Then, in paragraph 182, he cited the Australian Meat Group proposition, which I would observe is in fact a narrowing of the Henschke proposition, because the Henschke proposition was with notorious marks – to use it shortly – the notoriety is a relevant consideration, whereas by the time of Australian Meat Group it has become as one‑way consideration.  It can only operate to reduce deceptive similarity.  His Honour says that is the approach he is bound to follow.  His Honour’s findings on the BOTOX reputation were back at paragraphs 151 to 152 and he found it had a very strong reputation, but specific to injectables.

GORDON J:   My point was more directed to the fact that your client did not run its case as a notorious case.

MR GLEESON:   Well, it did for the reason I sought to explain last time which is what happened in this case – where it all went wrong in our primary position – is, his Honour, having said this is the statement of principle at 181, 182 and 151 to 152 were the findings of fact, then at paragraph 209, which was the paragraph we said was in error, made a finding that BOTOX had ubiquitous reputation.  Indeed, he went so far in that next sentence to say something which was incorrect.  The Full Court rejected it at paragraph 37.  But he then applied Henschke, Australian Meat Group and Mars to say the fame was such that deceptive similarity was reduced.  That is what was the source of the error.

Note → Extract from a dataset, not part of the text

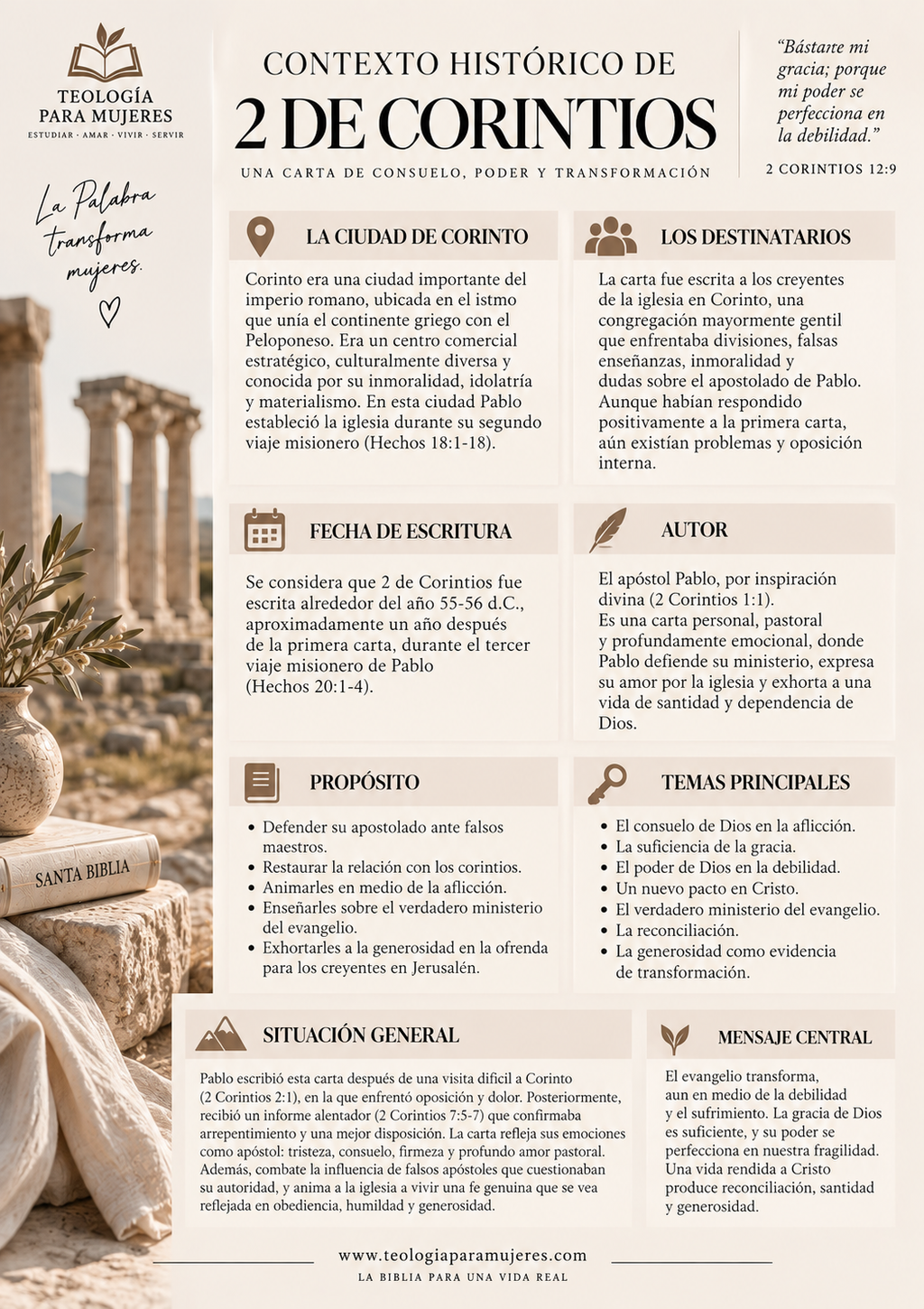 Guía Inductiva 2 Corintios (PDF)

When it came to the Full Court, at paragraph 34(3) on page 234, Mr Bannon put their case defending this proposition on the ground it was notorious and that that reduced deceptive similarity and what the Full Court did in the controversial paragraph 43 was to effectively reverse that finding, to rely upon the same ubiquitous reputation that BOTOX has in the injectables, to say that is something which people could not have put out of their mind when they notionally see BOTOX on creams.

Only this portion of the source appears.